Ultimately, the deal illustrates Stronach’s sustained influence over a company he originally founded over 50 years ago. This, combined with his ability to persevere in the face of criticism, is why he’s today’s Leadership Bull.
The Canada Pension Plan Investment Board and the Ontario Teachers’ Pension Plan had fought the deal, which creates a 1,800 per cent premium for Stronach’s voting shares, on grounds that it will set a bad precedent.
But an Ontario Superior Court ruled that the deal is “fair and balanced,” citing – among other things – a shareholder vote in favour of the arrangement. Earlier, more than 75 per cent of Magna’s class A shareholders approved the plan to eliminate Stronach’s shares.
So how did Stronach, like a skilled chess player, get shareholders to vote in favour of his controversial plan?
Well, it didn’t hurt that he held the control block of shares. But he was also in a position to exert his influence because he had a good answer to the question of how the deal would benefit voting shareholders.

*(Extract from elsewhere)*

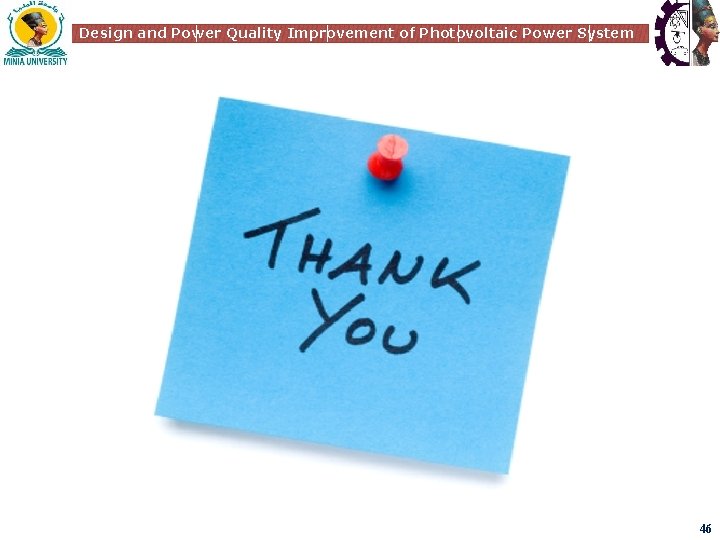 Design and Power Quality Improvement of Photovoltaic Power System 46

Most shareholders were in favour of the plan because they wanted to see the end of the company’s dual-class share structure, according to UBS Securities Canada Inc. By providing shareholders with an easy way to end this arrangement, Stronach had carefully orchestrated an offer that the majority of shareholders couldn’t refuse.
Successful leaders know that motivating people to act in a certain way requires patience, but above all, the ability to demonstrate how other people will benefit in the long run. Whether a leader is crusading for a dramatic change in corporate structure, or simply encouraging a manager to boost overall productivity, it boils down to more than just stating what is good for the company or its leadership team, but making a direct link to the impact it will have on the individuals who need to be influenced.

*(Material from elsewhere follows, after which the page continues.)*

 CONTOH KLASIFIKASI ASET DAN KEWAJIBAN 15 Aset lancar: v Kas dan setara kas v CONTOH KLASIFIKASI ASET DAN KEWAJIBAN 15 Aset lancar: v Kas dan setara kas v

Leadership Bear – Mark Zuckerberg misses opportunity to address privacy head-on
You would be hard-pressed to find a general news article about the recent launch of Facebook’s Places – a new iPhone app allowing users to share their location status with friends – that doesn’t devote a significant amount of ink to privacy concerns.
Reporters have written about the public declaration from the Northern California chapter of the American Civil Liberties Union that it has “serious concerns about other privacy protections and controls associated with Places.” The media has also devoted some attention to potentially uncomfortable Places scenarios, like how a friend could start reporting on your whereabouts at place – like a seedy bar – which you don’t necessarily want other friends to know about.
To add fuel to the fire, there have also been reports that Facebook is rolling out the new service simply to generate more advertising revenue, making certain users uncomfortable.
It’s only natural for the media to include commentary from privacy critics when covering any new Facebook service. After all, this is the company that scrambled in early 2010 to simplify privacy controls to appease consumer groups, US lawmakers and the European Union.
CEO Mark Zuckerberg has also been widely criticized for ducking the issue of privacy before. Back in June, at The Wall Street Journal’s D: All Things Digital conference, Walt Mossberg and Kara Swisher grilled him about Facebook’s recent privacy changes. Several tweets reported that Zuckerberg dodged questions about privacy, while sweating profusely and appearing nervous.
Perhaps critics should give the guy a break. He’s only 26 years old, and even the most seasoned CEOs have a tough time keeping their cool in the line of fire.
But when Facebook Places lunched in the US last week, Zuckerberg was presented with the perfect opportunity to learn from previous mistakes and personally address the issue of privacy upfront. However, instead of tackling the issue head-on with confidence, Zuckerberg stumbled through a high-level product overview before turning the stage over to a product manager.
Good leaders are backed by a solid team of communicators who are aware of all the potential hot button issues. In certain cases, it makes sense to only address topics on a reactive basis. But if you and your team know that a sensitive topic will get raised repeatedly, it is best to take the bull by the horns. And when discussing controversial issues, people want to hear from the guy at the top.
So what’s the best way to talk about sticky situations? First, develop a set of key messages that relate to the issue at-hand. For each message, pull together statistics and anecdotes that will help you create a compelling argument.
The goal? To develop clear, straightforward messages that will resonate with the media and the general public. Sure, the critics and naysayers may still get coverage, but your perspective will shine through as well.